\name{covMcd}
\alias{covMcd}
\alias{print.mcd}
%
\title{Robust Location and Scatter Estimation via MCD}
\concept{High breakdown point}
\description{
     Compute a robust multivariate location and scale estimate with a high
     breakdown point, using the \sQuote{Fast MCD} (Minimum Covariance
     Determinant) estimator.
}
\usage{
covMcd(x, cor = FALSE, alpha = 1/2, nsamp = 500, nmini = 300, seed = NULL,
       trace = FALSE, use.correction = TRUE, control = rrcov.control())
}
\arguments{
  \item{x}{a matrix or data frame. }
  \item{cor}{should the returned result include a correlation matrix?
    Default is \code{cor = FALSE}}.
  \item{alpha}{numeric parameter controlling the size of the subsets
    over which the determinant is minimized, i.e., \code{alpha*n}
    observations are used for computing the determinant.  Allowed values
    are between 0.5 and 1 and the default is 0.5.}
  \item{nsamp}{number of subsets used for initial estimates or \code{"best"}
    or \code{"exact"}.  Default is \code{nsamp = 500}.  For
    \code{nsamp = "best"} exhaustive enumeration is done, as long as the
    number of trials does not exceed 100'000 (\code{= nLarge}).  For \code{"exact"},
    exhaustive enumeration will be attempted however many samples are
    needed.  In this case a warning message may be displayed saying
    that the computation can take a very long time.}
  \item{nmini}{for large \eqn{n}, the algorithm splits the data into
    maximally \eqn{k_{\mathrm{rep}} = 5}{krep = 5} subsets of size
    \code{nmini}. %% FIXME? -- more accurately and in detail ?!
    The original algorithm had \code{nmini = 300} hard coded.}
  \item{seed}{initial seed for random generator, see \code{\link{rrcov.control}}.}
  \item{trace}{logical (or integer) indicating if intermediate results
    should be printed; defaults to \code{FALSE}; values \eqn{\ge 2}{>= 2}
    also produce print from the internal (Fortran) code.}
  \item{use.correction}{ whether to use finite sample correction
    factors; defaults to \code{TRUE}.}
  \item{control}{a list with estimation options - this includes those
    above provided in the function specification, see
    \code{\link{rrcov.control}} for the defaults.  If \code{control} is
    supplied, the parameters from it will be used.  If parameters are
    passed also in the invocation statement, they will override the
    corresponding elements of the control object.}
}
\details{
  The minimum covariance determinant estimator of location and scatter
  implemented in \code{covMcd()} is similar to \R function
  \code{\link[MASS]{cov.mcd}()} in \pkg{MASS}.  The MCD method looks for
  the \eqn{h (> n/2)} (\eqn{h = h(\alpha,n,p) =}
  \code{\link{h.alpha.n}(alpha,n,p)}) observations (out of \eqn{n})
  whose classical covariance matrix has the lowest possible determinant.

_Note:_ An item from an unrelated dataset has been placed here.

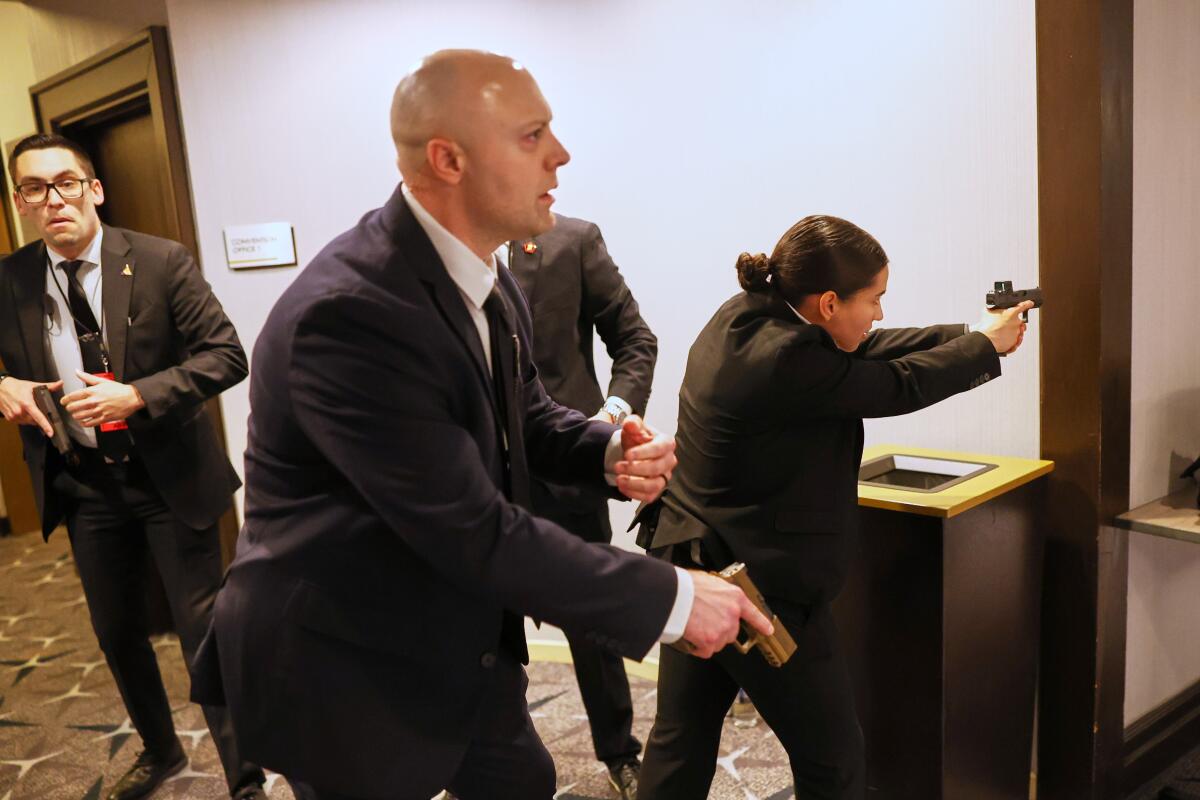 Le tireur du gala de DC a écrit un « manifeste » et a voyagé depuis la Californie avant l’attaque, selon des responsables Le tireur du gala de DC a écrit un « manifeste » et a voyagé depuis la Californie avant l’attaque, selon des responsables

  The raw MCD estimate of location is then the average of these \eqn{h} points,
  whereas the raw MCD estimate of scatter is their covariance matrix,
  multiplied by a consistency factor and a finite sample correction factor
  (to make it consistent at the normal model and unbiased at small samples).

  The implementation of \code{covMcd} uses the Fast MCD algorithm of
  Rousseeuw and Van Driessen (1999) to approximate the minimum
  covariance determinant estimator.

  Both rescaling factors (consistency and finite sample) are returned
  also in the vector \code{raw.cnp2} of length 2.  Based on these raw
  MCD estimates, a reweighting step is performed which increases the
  finite-sample eficiency considerably - see Pison et al.~(2002).  The
  rescaling factors for the reweighted estimates are returned in the
  vector \code{cnp2} of length 2.  Details for the computation of the
  finite sample correction factors can be found in Pison et al. (2002).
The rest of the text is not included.